▶ [WORKING DATA]
*** Begin section ***
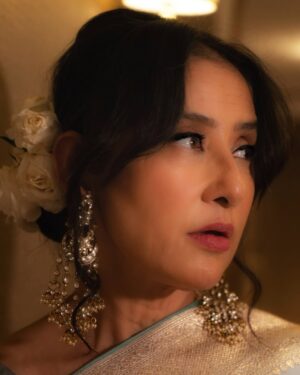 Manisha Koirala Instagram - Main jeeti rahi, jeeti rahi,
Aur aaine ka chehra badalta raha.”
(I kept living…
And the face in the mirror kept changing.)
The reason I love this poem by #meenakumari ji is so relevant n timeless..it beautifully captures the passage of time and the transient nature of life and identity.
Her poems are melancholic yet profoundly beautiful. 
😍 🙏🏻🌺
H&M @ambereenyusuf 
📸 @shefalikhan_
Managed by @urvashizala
*** End section ***
*** Begin section ***
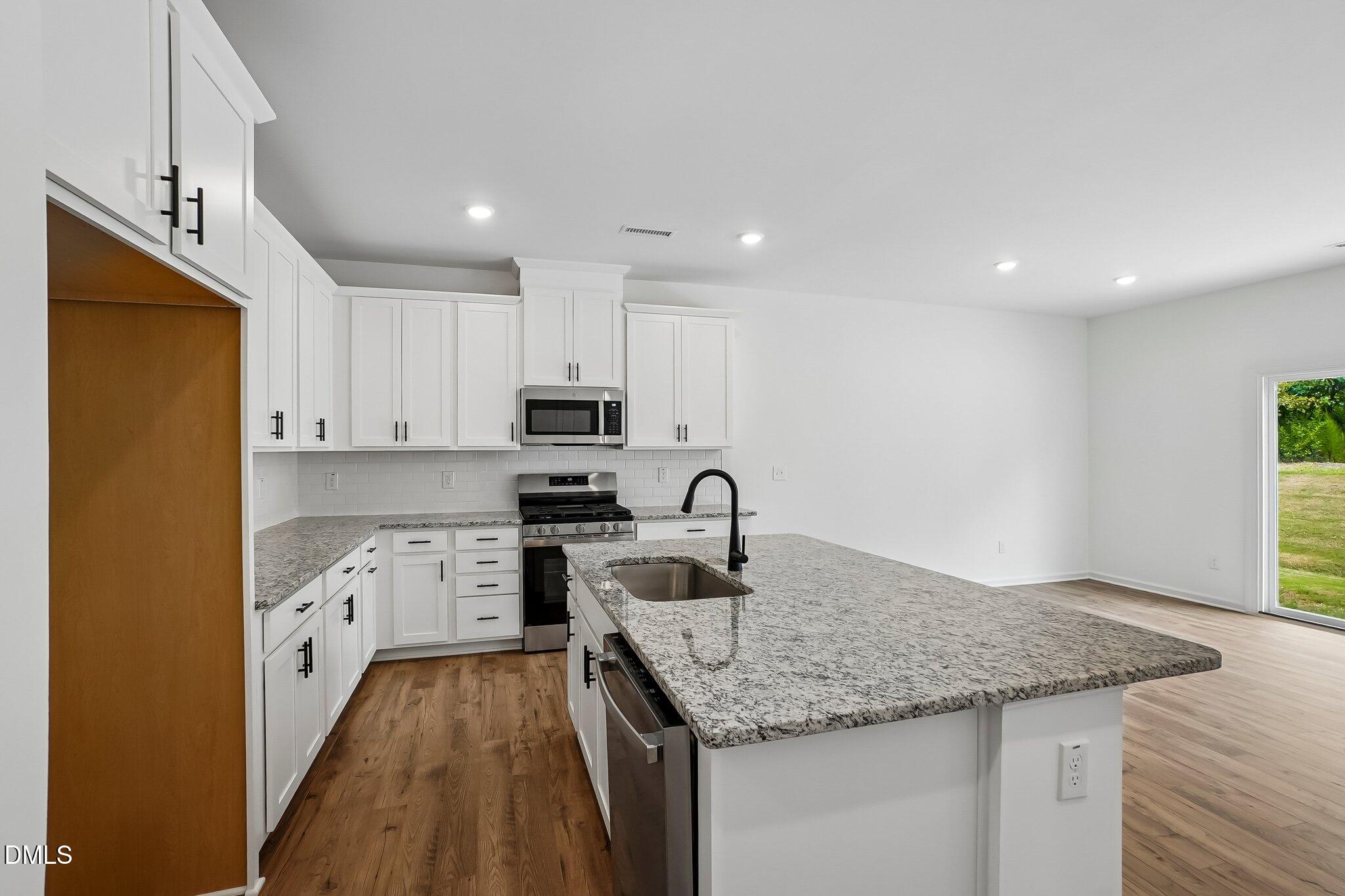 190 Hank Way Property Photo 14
*** End section ***
*** Begin section ***
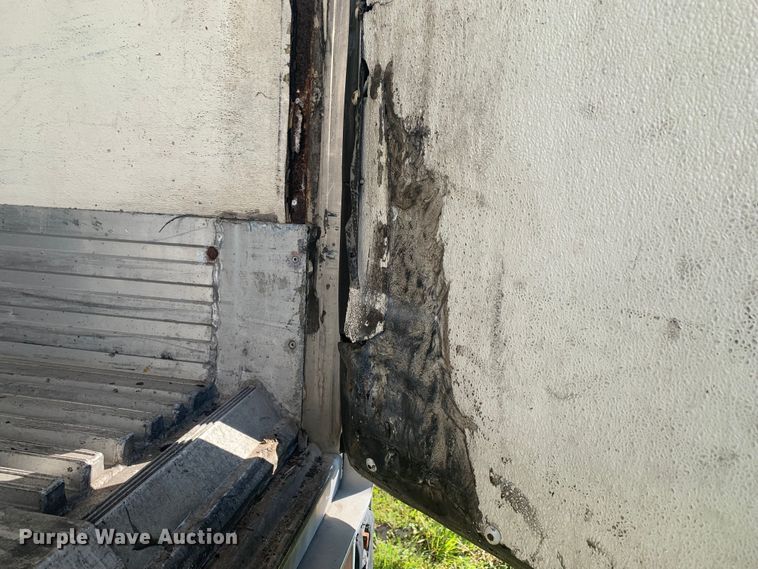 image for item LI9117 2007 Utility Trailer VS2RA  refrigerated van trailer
*** End section ***
▶ [WHAT YOU SHOULD DO] Return the span of lines in the data above that opens at the line with "(I kept living…" and closes at the line with "Managed by @urvashizala", exactly, ends included, nothing else.

▶ [ANSWER TO THIS EXERCISE]
(I kept living…
And the face in the mirror kept changing.)
The reason I love this poem by #meenakumari ji is so relevant n timeless..it beautifully captures the passage of time and the transient nature of life and identity.
Her poems are melancholic yet profoundly beautiful. 
😍 🙏🏻🌺
H&M @ambereenyusuf 
📸 @shefalikhan_
Managed by @urvashizala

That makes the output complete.